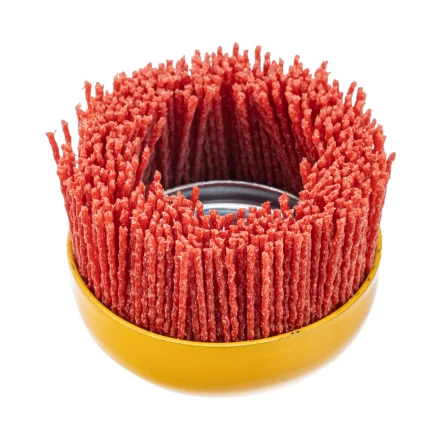 Щетка для УШМ, 75 мм, Чашка, нейлоновая щетина, М14, Denzel 74465 купить в Нягани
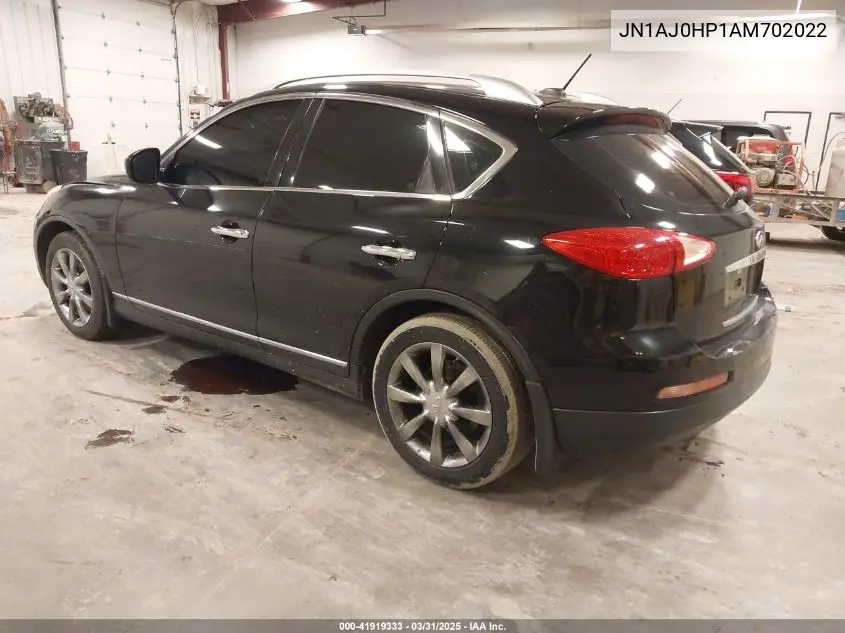 2010 Infiniti Ex35 Journey VIN: JN1AJ0HP1AM702022 Lot: 41919333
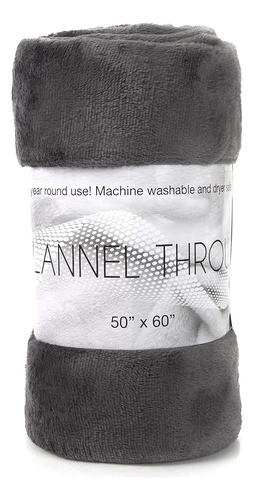 Manta De Tiro De Lana Twin Size Fuzzy Lightweight Warm Soft 0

====

AIM OF THE TASK: Reproduce every line above word for word; no images.

SOLVED EXERCISE:
 Щетка для УШМ, 75 мм, Чашка, нейлоновая щетина, М14, Denzel 74465 купить в Нягани
 2010 Infiniti Ex35 Journey VIN: JN1AJ0HP1AM702022 Lot: 41919333
 Manta De Tiro De Lana Twin Size Fuzzy Lightweight Warm Soft 0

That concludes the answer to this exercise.